Soil Moisture Active Passive (SMAP) (Hundman et al., 2018). SMAP is also collected by the NASA spacecraft and has a similar characteristic to MSL. All sub-datasets are concatenated and produce a single result as in MSL.

Server Machine Dataset (SMD) (Su et al., 2019). SMD is a collection of sub-datasets from 28 different machines provided by a large Internet company. Each sub-dataset is equally divided into two parts, the first half for training and the second half for testing. The training and evaluation procedures are carried out on 28 sub-datasets separately, and the averaged results are used for comparisons.

A.2 Training and Evaluation Settings

We use one linear layer as the embedding layer and 2-layer MLPs as the prediction block. The Transformer body has six layers of the embedding dimension of 512 and eight attention heads. The prediction block contains one hidden layer of 2,048 neurons with GELU activation in between. The sequence length of embedded features is 512 but window sizes (and patch sizes) of input data vary with datasets. For the preliminary experiment in Section 4.3, we simplify our model by halving the embedding dimension and the number of Transformer layers and shortening the window size and patch size to 100 and 1, respectively.

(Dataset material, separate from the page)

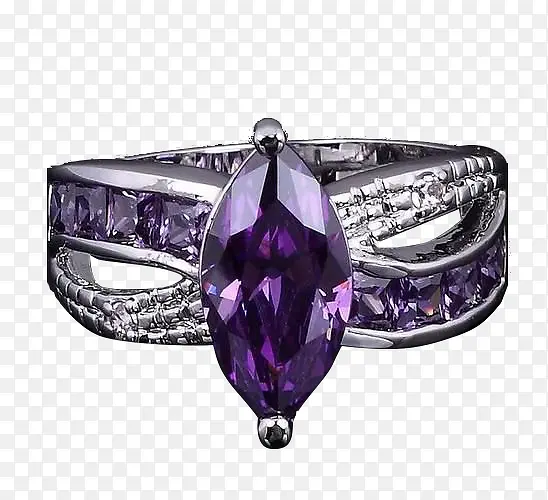 产品实物紫色宝石戒指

In the training stage, we train the model with the mini-batch size of 16 for the maximum training steps of 150K. Input windows are selected randomly from the training set at every step. External sequences for the soft replacement are also selected randomly from the same training set. When degrading a window, an average of 30% of columns are degraded but the remaining columns are left. A synthetic outlier type is selected as the soft replacement in 50% probability, uniform replacement in 15% probability, peak noise in 15% probability, and length adjustment in 10% probability. However, the length adjustment may not be used for several datasets because it may reduce the model capability depending on the datasets. The other settings depending on the datasets are presented in Table 5. We employ the AdamW optimizer (Kingma & Ba, 2014) with a learning rate of $1\times 10^{-4}$ , and use a learning rate warmup for 10% of training steps and a cosine learning rate decay. To prevent exploding gradients, gradient clipping is applied at a norm of 1.0. For the score prediction of the test set, we slide input windows with the sliding step of 16.

Table 5: Different training settings for five benchmark datasets.

	SWaT	WADI	MSL	SMAP	SMD
Patch size	14	8	2	4	4
Window size	7,168	4,096	1,024	2,048	2,048
Max length % of outlier	20%	15%	20%	15%	20%
Use of length adjustment		$\times$	$\times$	$\times$

A.3 Detailed Results of Section 4.3

We examine relationships between the typical types of outliers and our proposed synthetic outliers in Section 4.3 through $\mathrm{F1}$ and AUROC. The detailed results of $\mathrm{F1}$ and AUROC are presented in Table 7 and Table 6, respectively.

Table 6: AUROC results of the preliminary experiment in Section 4.3.

	Point		Pattern
	Global	Contextual	Shapelet	Seasonal	Trend
Soft replacement	1.000	1.000	1.000	0.997	1.000
Uniform replacement	0.419	1.000	1.000	0.927	0.899
Length adjustment	0.990	0.965	0.894	0.998	0.551
Peak noise	1.000	1.000	0.863	0.847	0.800

Table 7:

\mathrm{F1}

results of the preliminary experiment in Section 4.3.

	Point		Pattern
	Global	Contextual	Shapelet	Seasonal	Trend
Soft replacement	1.000	1.000	1.000	0.952	1.000
Uniform replacement	0.000	1.000	1.000	0.825	0.889
Length adjustment	0.667	0.400	0.556	0.947	0.625
Peak noise	1.000	1.000	0.588	0.824	0.824

Appendix B Visual Results

We visualize the prediction results of AnomalyBERT and present the 2D projections of the original data and latent features in the model. Similar to Figure 1, we select three abnormal windows in each of SWaT, WADI, and SMAP test sets and fetch the corresponding anomaly scores after the score prediction process. We then project the original data points and the last latent features from the abnormal windows into 2D planes using t-SNE. As shown in Figure 5, our method distinguishes anomalies successfully and separates abnormal data points from normal points well.